A paper version is available at for $45 plus taxes and shipping.

Estate lawyers Barry Fish and Les Kotzer are co-authors of The Family War, a book describing the nasty legal battles that ensue among families squabbling over inheritances.

The third co-author is Jordan Atin, an estate litigator with Hull & Hull LP. He says that in the absence of appropriate evidence to the contrary joint accounts are considered "resulting trusts."

So while one child may hold a joint account with a parent for

convenience, it's understood that the parent expects all the children to share the proceeds once the parent dies (depending what is specified in the will).

It's still possible for a parent to establish that a gift was intended at the time a joint account was set up. But explicit documentation is needed to establish this.

This arrangement presumes the concept of "advancement," which derives from an English legal term describing how a parent would gift assets to a particular child to "advance" their station in life.

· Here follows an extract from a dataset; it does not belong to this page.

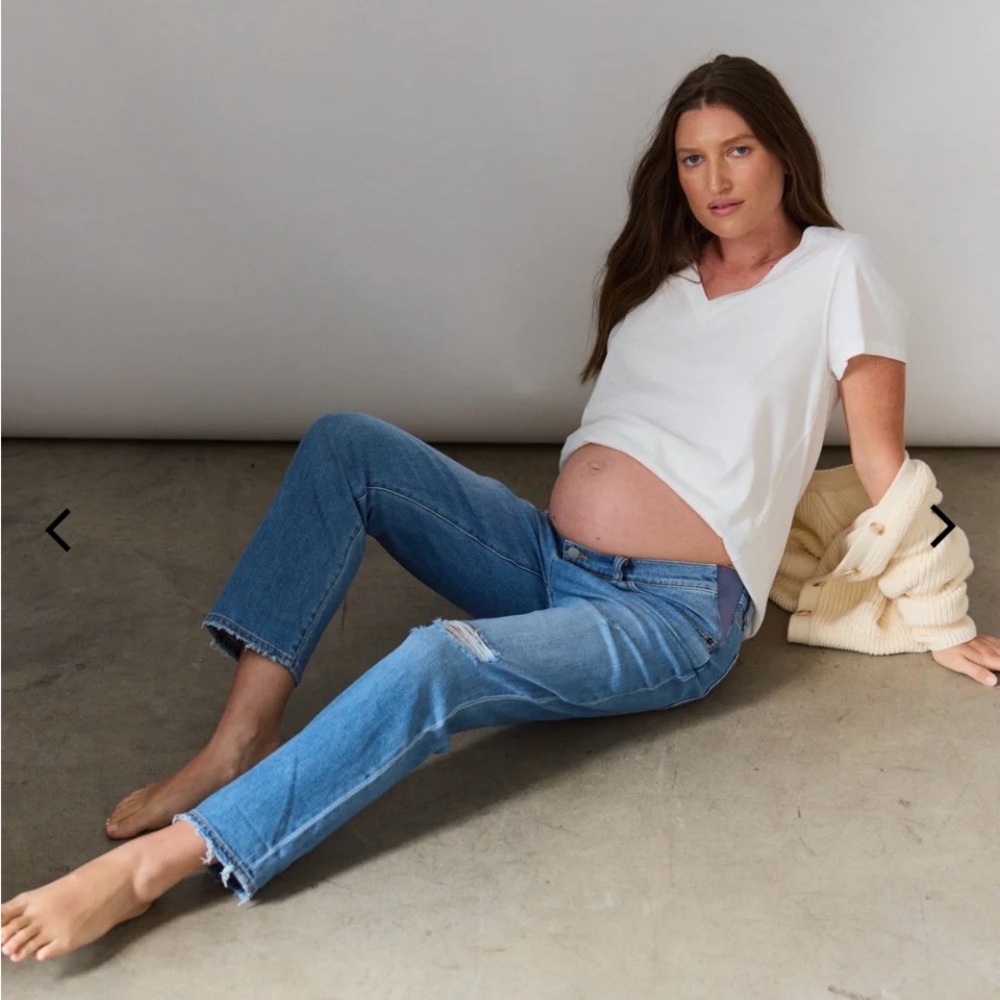 Hatch Distressed Boyfriend Classic Blue Maternity Jeans - 28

This was the situation in one of the two SCC cases. It involved almost $1-million in mutual funds jointly owned by Edwin Hughes and his daughter, Paula Pecore.

The SCC upheld the ruling of lower courts that Edwin had intended the money as a gift for Paula alone. Unlike her two siblings, Paula was not financially secure and had to care for a paraplegic husband.

After the couple divorced, the ex-husband tried to establish his right to half the account on the grounds he was a beneficiary in Edwin's will. The SCC ruled against him, upholding an earlier ruling that the money was a gift to Paula alone.

The opposite prevailed in the case of Patricia Brooks versus siblings Mary and William. There, the courts ruled a $185,000 joint account between Patricia and her father Michael had been set up only for "convenience purposes."

They showed that since no true gift had been intended for Patricia's sole benefit, the money had to be split with her two siblings. This is an example of the resulting trust in operation.

Atin says these rulings also apply to real estate held jointly, including cottages, and may also apply to business assets.

Kotzer says the joint asset planning kit lets families document joint ownership under either option. If the parent really intends that the joint assets should go to a particular child rather than all the siblings, they express that intention with a document called "Declaration of Intention to Avoid a Resulting Trust."

If on the other hand the parent wants all the siblings to share in the asset, then he or she fills out a "Declaration of Intention to Have a Resulting Trust."

Seems simple in retrospect, doesn't it? But as the old saying goes, "common sense ain't that common.